A source close to Dončić said his “first and foremost desire is an A-list center.” That preference gives the Lakers a clear target type as they work through an offseason search that has included restricted free agents and a wider look at interior help.
Dončić and Rob Pelinka
Dončić remains in constant contact with Rob Pelinka and JJ Redick while spending his summer in Slovenia with his daughters. The Lakers have spent this offseason evaluating center options, and the focus on a rim-protecting big lines up with what Dončić has tended to value alongside him: a player who can defend the paint and finish plays at the rim.
The search is not happening in a vacuum. The Lakers are trying to build around a franchise guard, and the middle of the floor has become the clearest roster pressure point.
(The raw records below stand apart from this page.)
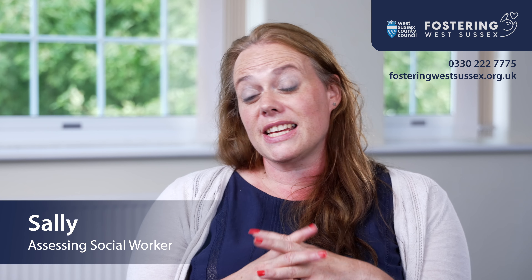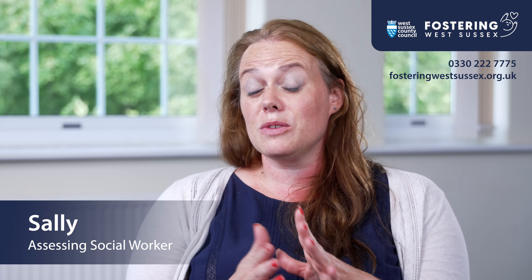One of the things that we do is we run a Skills to Foster course, which is a two or three day course. That's when you can come in with other people who are in the same position as you, and it's run by social workers and our team. It's such a massive thing to give information in those two to three days — we're never going to cover absolutely everything, but we hope we're helping people to think about what they're going to have to do when they're fostering and also to answer their questions, because fostering isn't a standardised thing, so everybody has something very different they might want to ask that's relevant to their own experiences.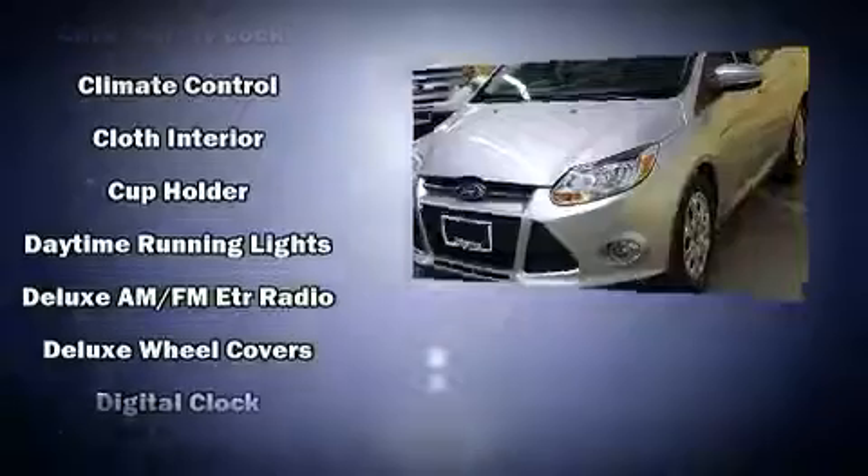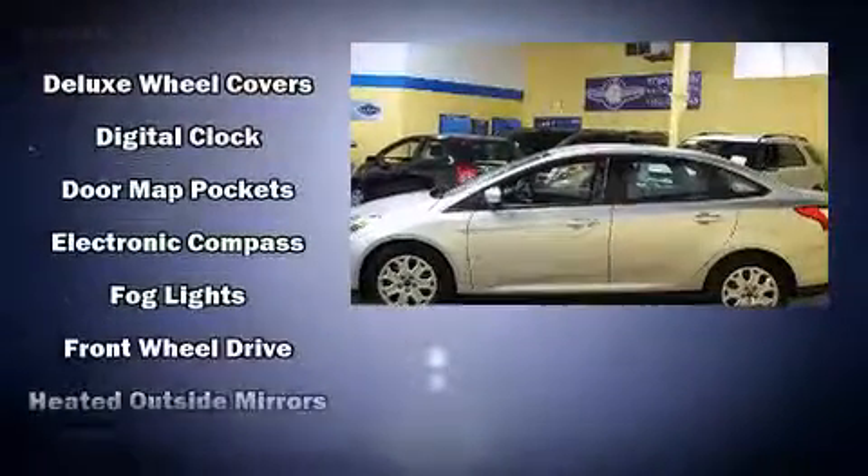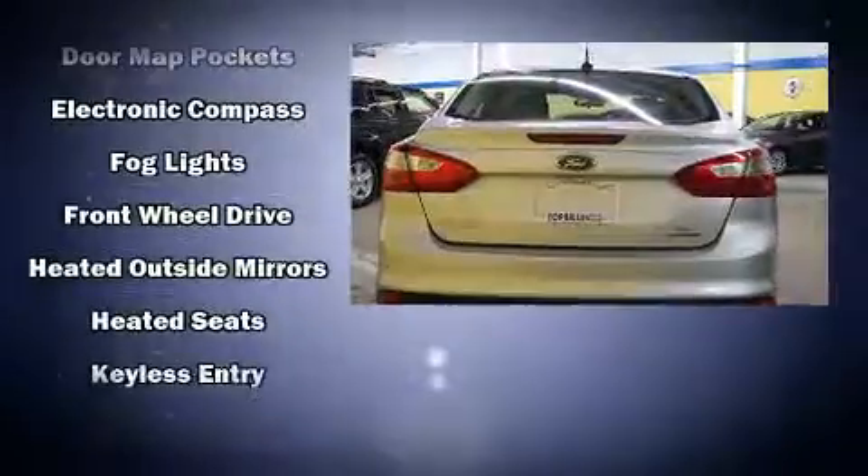Top features include front fog lights, one-touch window functionality, variably intermittent wipers, a trip computer, and much more.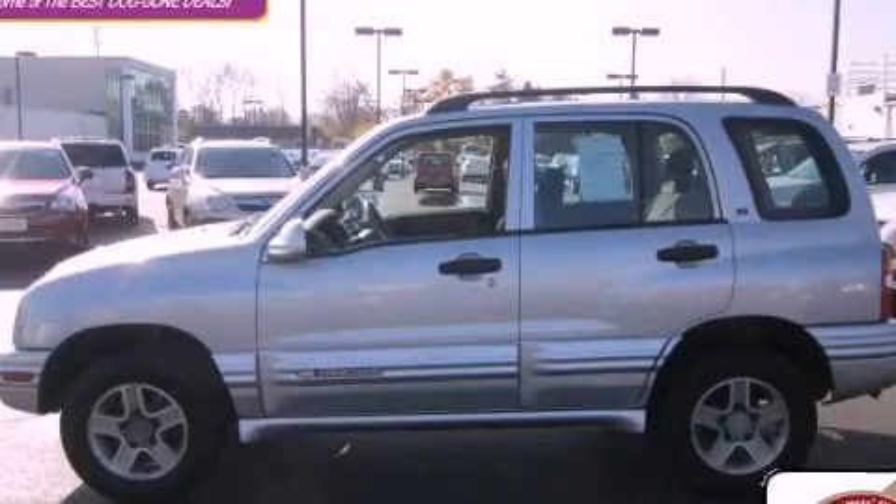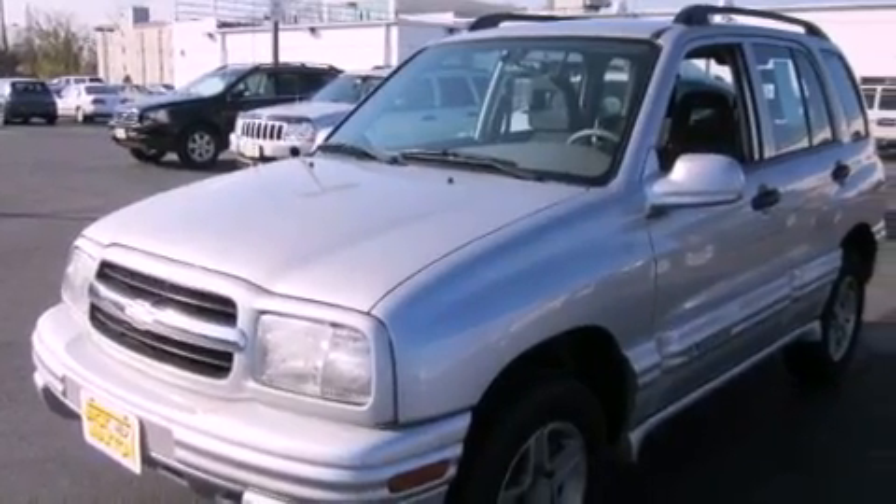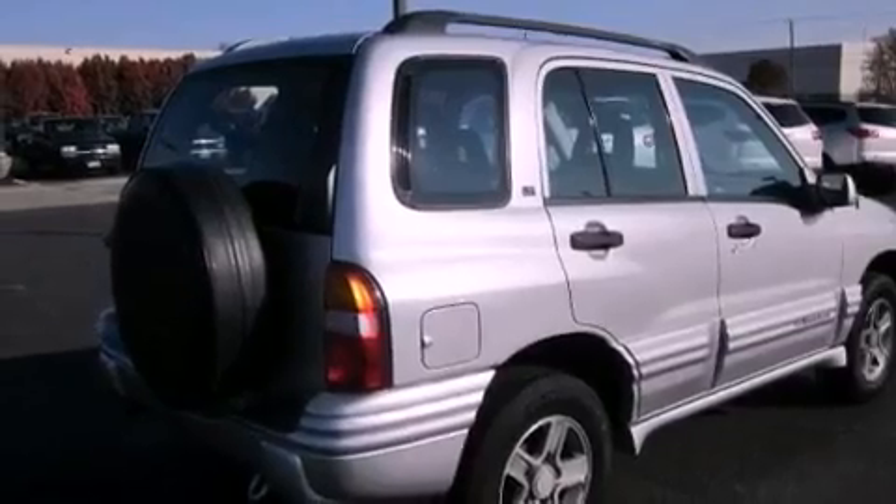This is a 2004 Chevrolet Tracker, a great blend of utility, comfort, and style. It has a 2.5-liter six-cylinder engine, an automatic transmission, and four-wheel drive.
A frontcourt piece that can handle the rim and paint changes how the rest of the lineup can be arranged, especially against teams built around interior size.
Jalen Duren and Walker Kessler
Duren and Kessler stood out because both fit the exact request. Duren is 22 and just finished a season in which he played 70 games, averaged 19.5 points, 10.5 rebounds, 2.0 assists and 0.8 blocks, shot 65.0 percent from the field, and earned his first All-Star selection and All-NBA Third Team honors.
His postseason line adds another layer. Across 14 postseason games, he averaged 10.2 points and 8.5 rebounds, and he scored under 10 points in seven of those games. That gives the Lakers a fuller picture of the player they are evaluating: efficient, productive, and young enough to fit into a long runway.
Detroit Pistons Push Back
Detroit has already pushed back. Someone inside the organization told Dave McMenamin, “Hey, tell Luka to leave [Jalen Duren] alone.” That line came after McMenamin said on NBA Today Thursday that he heard from inside the Pistons organization following the report on Dončić’s preference.
The resistance is straightforward. Duren is entering restricted free agency this summer, and Detroit can match any offer sheet a rival team puts in front of him. The Pistons have repeatedly signaled that they view him as a foundational piece alongside Cade Cunningham, which makes the Lakers’ path to him much steeper than a simple open-market chase.
That leaves the Lakers with a center search that still has multiple branches. Deandre Ayton carries a player option worth $8.1 million, while Peyton Watson and Tari Eason have been part of the broader evaluation of wing help. The immediate issue is still the same one Dončić put at the center of it: whether the Lakers can land the kind of big man he wants, or whether Detroit’s stance forces them to pivot to another name.